(Crawled caption data)
········
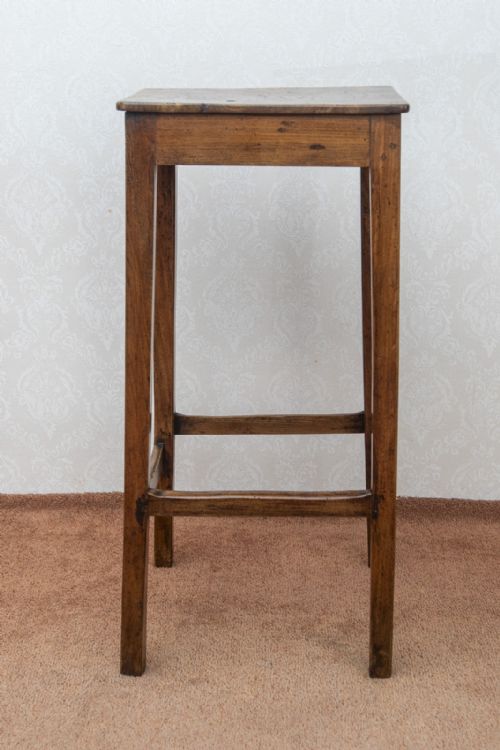 AN EXCEPTIONAL EXAMPLE OF A STOOL IN ENGLISH ELM - ADDITIONAL PHOTO 2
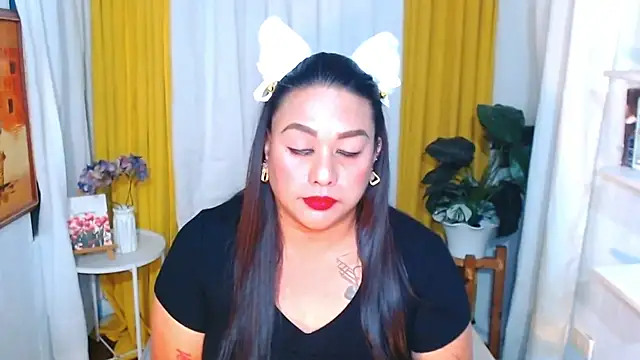 Snapshot of EmmaKantutera chatting on 12-20-25, 11:28 EmmaKantutera online show from 12-20-25, 11:28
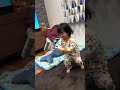 るんるんでお掃除する2歳児 shorts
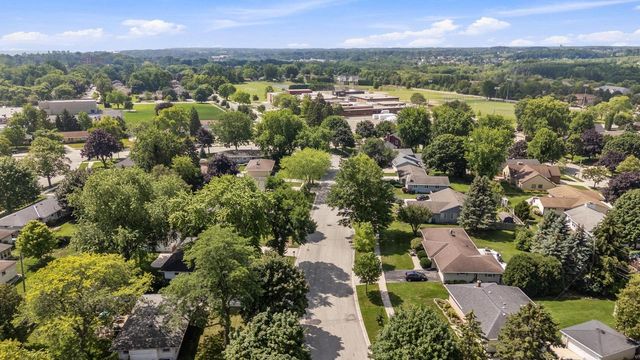 1534 N Holden STREET, Port Washington, WI 53074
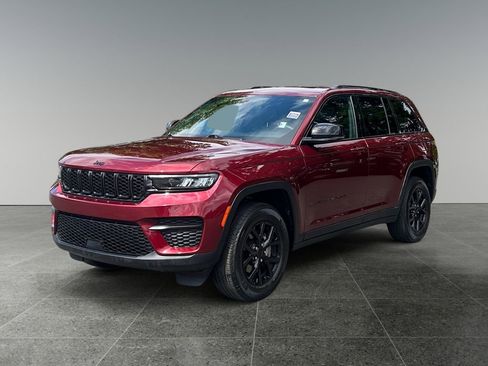 Used 2024 Jeep Grand Cherokee Altitude image 3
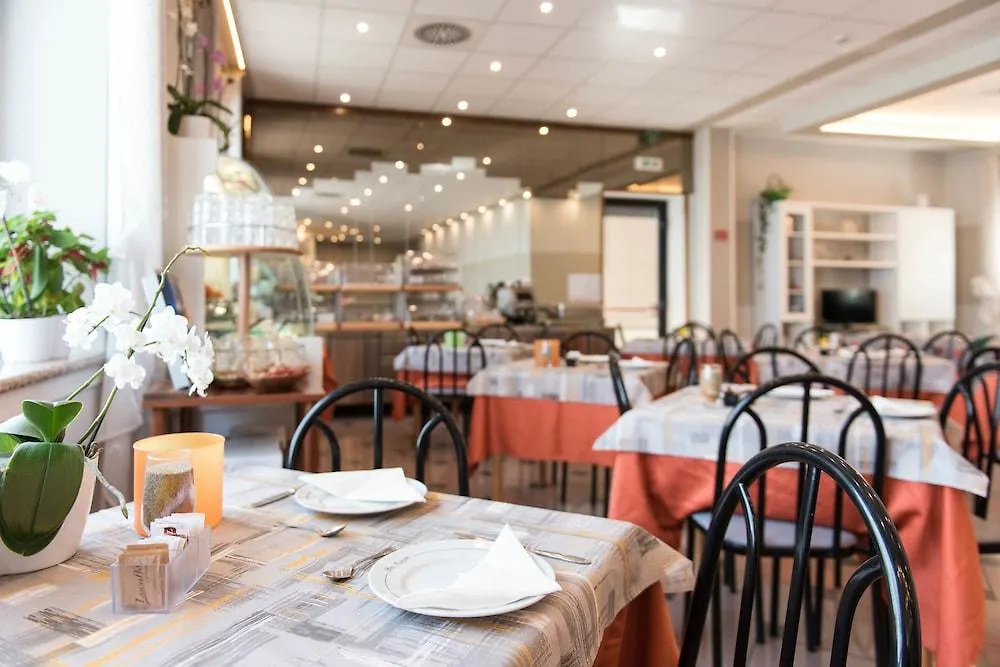 Hotel Aurora Desenzano del Garda Italië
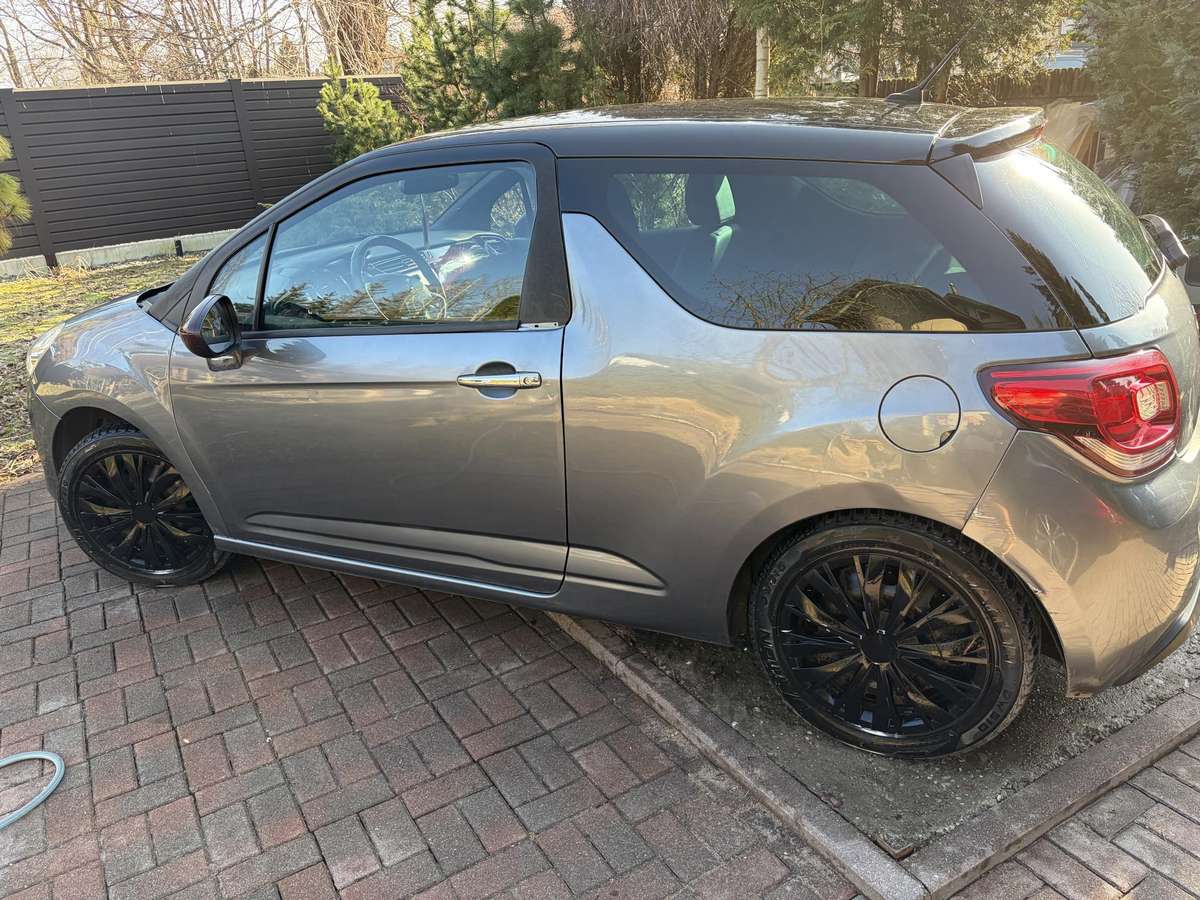 Citroen DS3, 1.6 l., Хэтчбек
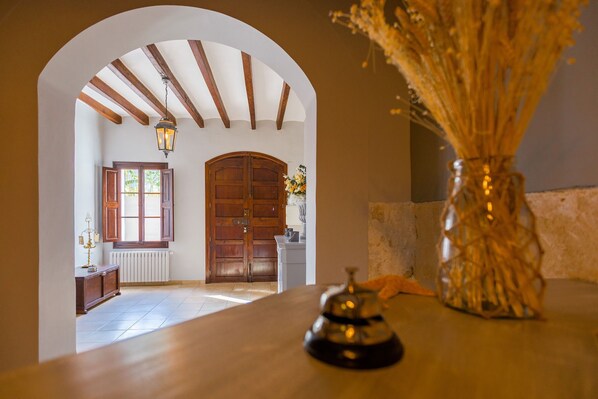 Dining - El Nido Alaro (Alaro)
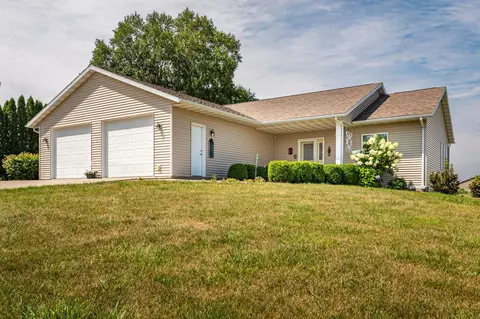 99 Sunset Dr, Caledonia, MN 55921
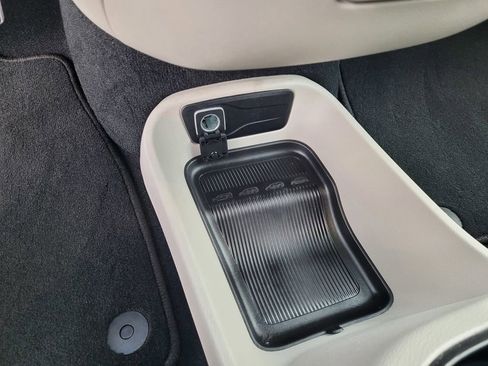 Used 2024 Chrysler Pacifica Limited FWD image 19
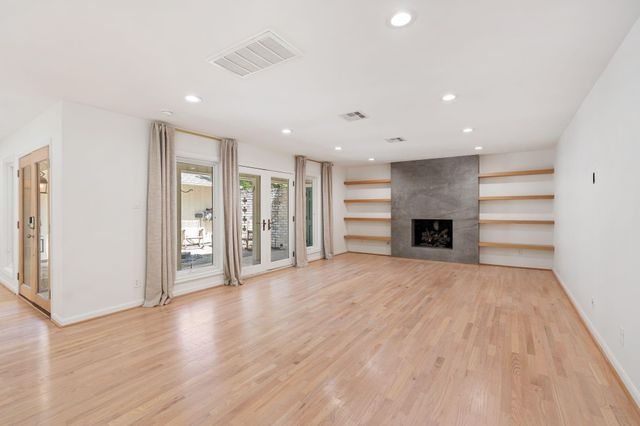13703 Queensbury Lane, Houston, TX 77079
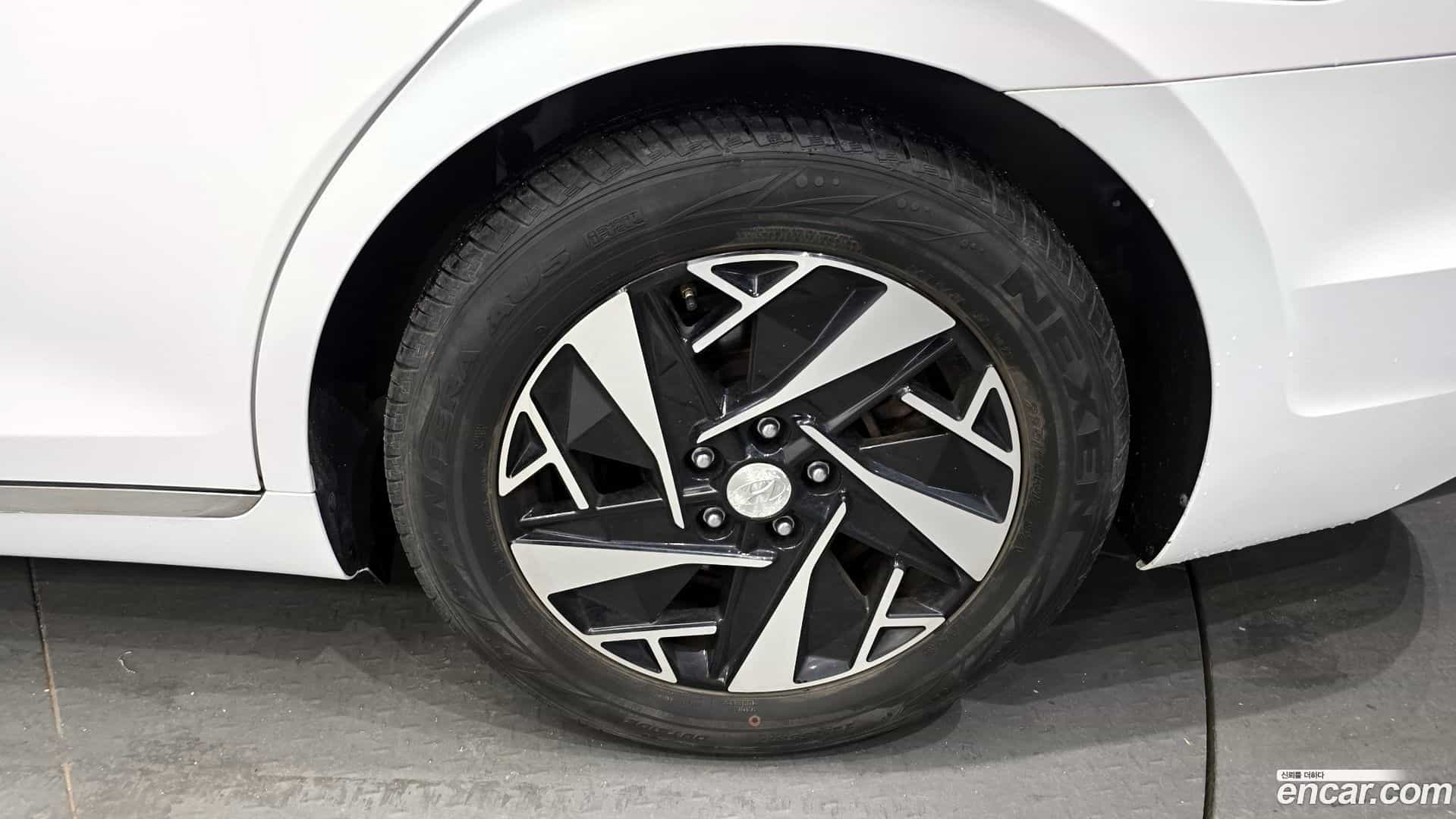 Grandeur Hyundai 2022.2-OUTER-005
········
Please copy the data above character for character, skipping any pictures.

### Task result
 AN EXCEPTIONAL EXAMPLE OF A STOOL IN ENGLISH ELM - ADDITIONAL PHOTO 2
 Snapshot of EmmaKantutera chatting on 12-20-25, 11:28 EmmaKantutera online show from 12-20-25, 11:28
 るんるんでお掃除する2歳児 shorts
 1534 N Holden STREET, Port Washington, WI 53074
 Used 2024 Jeep Grand Cherokee Altitude image 3
 Hotel Aurora Desenzano del Garda Italië
 Citroen DS3, 1.6 l., Хэтчбек
 Dining - El Nido Alaro (Alaro)
 99 Sunset Dr, Caledonia, MN 55921
 Used 2024 Chrysler Pacifica Limited FWD image 19
13703 Queensbury Lane, Houston, TX 77079
 Grandeur Hyundai 2022.2-OUTER-005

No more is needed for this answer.